The requirement of any civilization, old or new, is energy. Alvin Toffler said First Wave societies took their energy from living batteries— human and animal muscle-power— the human power were slaves, serfs, or peasants. They also made efficient use of the sun, wind, and water. They used the forests to heat their homes and cook their food. They also used watermills and windmills to turn grindstones. Oxen pulled the plows. By the late 18th century, Europe took energy from an estimated 38 million horses and oxen. All First Wave societies took advantage of renewable power sources. The environment could be given time to replenish the forests they cut, the wind refilled ship sails, the rivers continued to turn their paddle wheels. People and animals as living batteries were essentially renewable energy.
By the advent of Second Wave societies, things changed, as humans started to get their energy from non-renewable sources such as coal, gas, and oil— from fossil fuels. This radical shift started when Thomas Newcomen invented his steam engine. This meant that humanity was digging into nature’s wealth literally and figuratively rather than simply living off the interest it supplied in renewable forms.

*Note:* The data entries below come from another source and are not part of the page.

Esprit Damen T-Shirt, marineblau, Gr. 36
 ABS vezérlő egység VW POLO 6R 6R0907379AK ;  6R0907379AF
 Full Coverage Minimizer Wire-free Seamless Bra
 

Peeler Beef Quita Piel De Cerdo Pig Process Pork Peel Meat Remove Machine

This tapping into the earth’s energy resources provided hidden subsidization for industrial civilization, vastly hastening its economic growth. From this point onward, wherever the Second Wave industrialism went, people and nations erected industrial and economic edifices on the notion that cheap fossil fuels would be continuously obtainable. In both capitalist and communist industrial societies, in East and West, this same change has been evident— from renewable to non-renewable, from many different energy sources and fuels to a relative few. Fossil fuels established the power basis of all Second Wave societies. Our current civilization’s wealth and woes start here. Our up-and-coming Third Wave civilization calls for many different energy sources and getting off fossil fuels. We have the technology but do we have the will?